LISTED RECORDS:

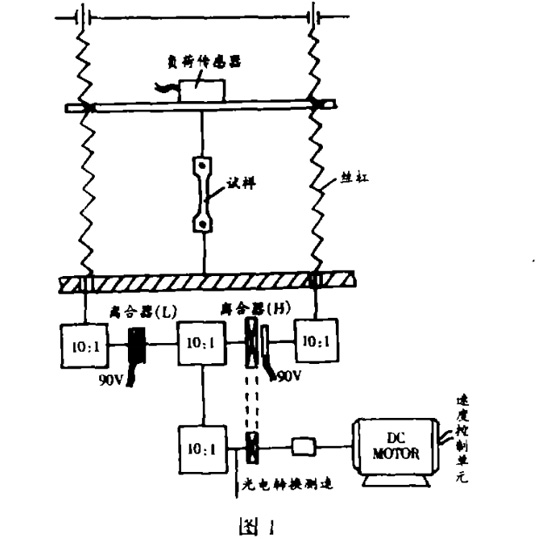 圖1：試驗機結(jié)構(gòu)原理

==

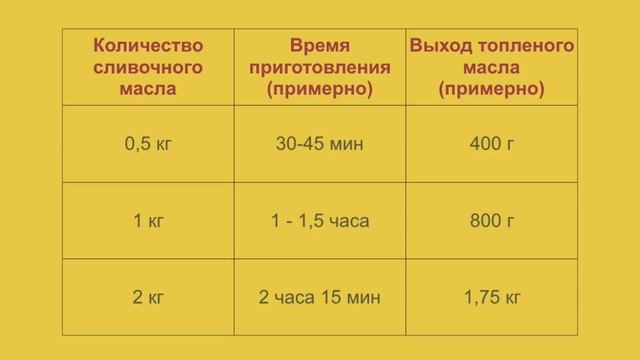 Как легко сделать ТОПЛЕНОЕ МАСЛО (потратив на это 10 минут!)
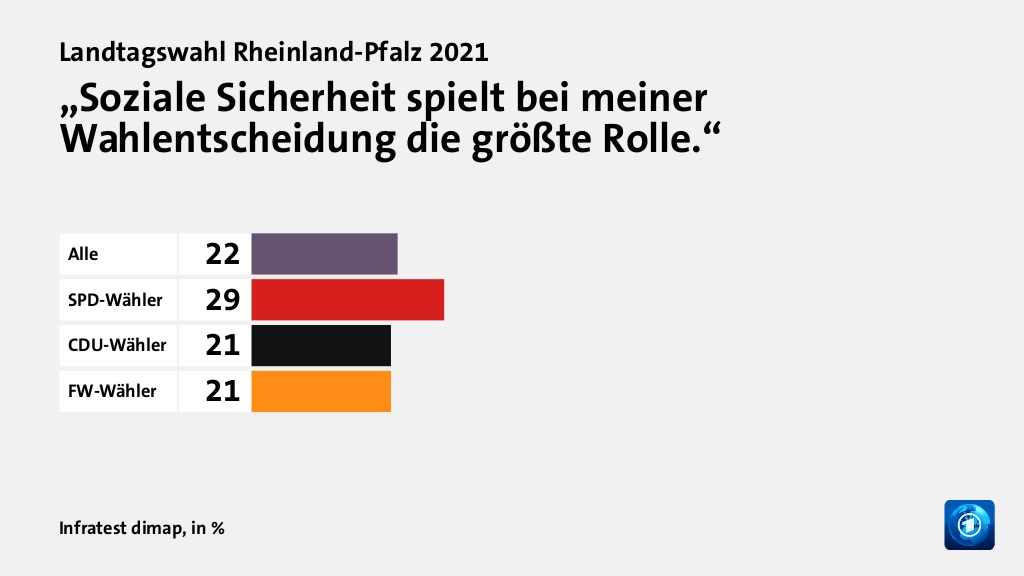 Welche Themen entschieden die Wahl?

EXERCISE INSTRUCTIONS: For this exercise, return exactly the lines above from the line with "Как легко сделать" through the line with "Welche Themen entschieden die Wahl?", both included. Do not copy the pictures.

SOLUTION TO THE EXERCISE:
 Как легко сделать ТОПЛЕНОЕ МАСЛО (потратив на это 10 минут!)
 Welche Themen entschieden die Wahl?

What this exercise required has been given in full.